In March, Santander reported that it is “reverting back to traditional disinfectant cleaning products from the green products being used today until further notice, to maximize the effect of the cleaners”.

So, for the time being, the best advice seems to be a return to bleach, peroxide and alcohol, since protecting lives from the virus must take priority.

But is bleach such a villain?

Eco-friendly products exclude bleach because it is regarded as harmful to the aquatic environment. However, the manufacturers are eager to exonerate their product of this charge. The website of US bleach manufacturer Clorox states that 95–98% of household bleach breaks down very quickly after use, the remaining 2–5% being dealt with by sewage treatment. None ends up in groundwater. They state that “household bleach begins and ends as salt water in a fully sustainable cycle”. The use of household bleach for cleaning should not be confused with the bleaching of paper products using chlorine.

There is no reason to disbelieve the manufacturers’ statements here — the concerns about bleach arise out of the wider environmental impact of the chemical manufacturing industry, and particularly the manufacture of harmful organochlorine products, rather than the behaviour of everyday household bleach.

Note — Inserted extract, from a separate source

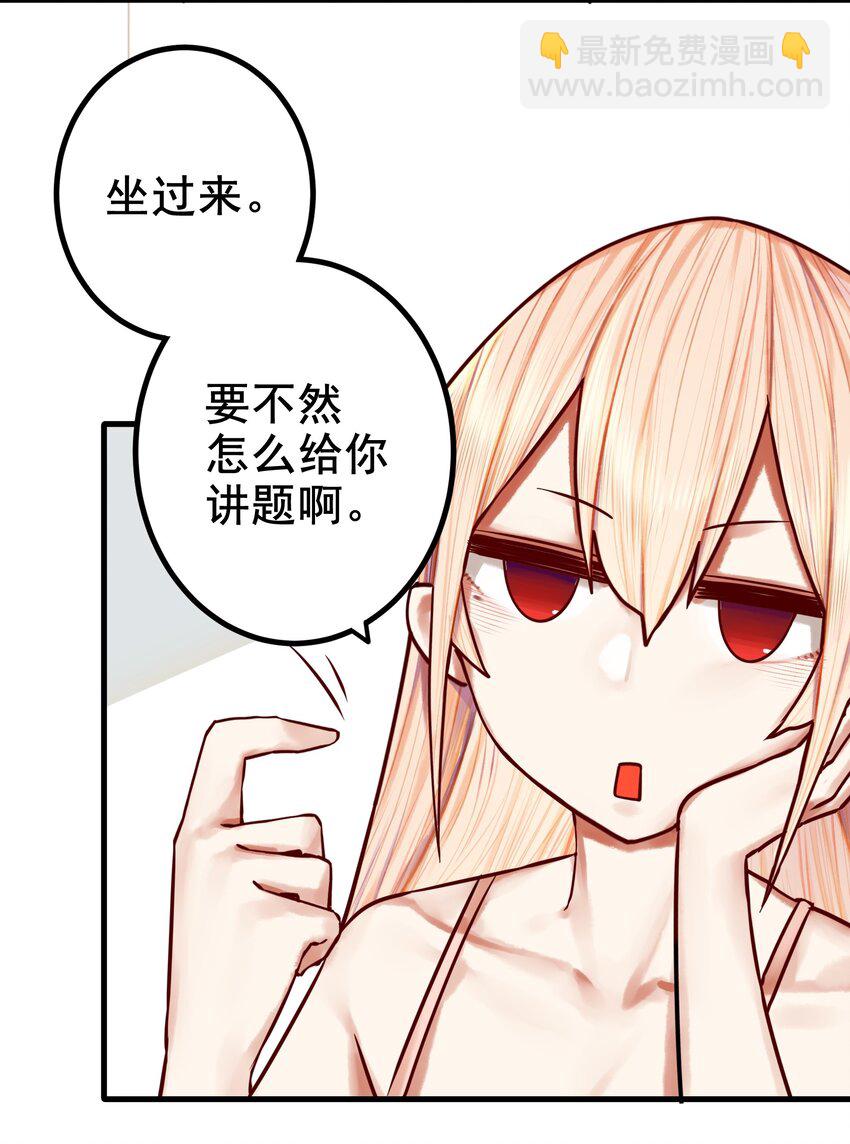 035 第三十五话-第42话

Bleach does, however, carry some minor hazards: it can damage paint and metal if used in too high a concentration or allowed to remain too long on the surface, and the fumes can aggravate respiratory conditions such as asthma. One study indicated that if used once a week, bleach can significantly increase the risk of developing COPD (Chronic Obstructive Pulmonary Disease). Cleaners using bleach should wear gloves to protect their skin and ensure that the workplace is well ventilated.


During this time of record sales for cleaning products of all kinds, all is not lost for sustainable manufacturers. In the USA, the Government has issued a list of branded products that are effective in killing the coronavirus. While most of these are established brands containing bleach, peroxide or alcohol, the eco-friendly brand Seventh Generation (whose effective ingredient remains a secret) is now included on the list. Perhaps other brands will also rise to the challenge of manufacturing a product which, while effective against the virus, retains the other positive qualities of eco-friendly cleaners.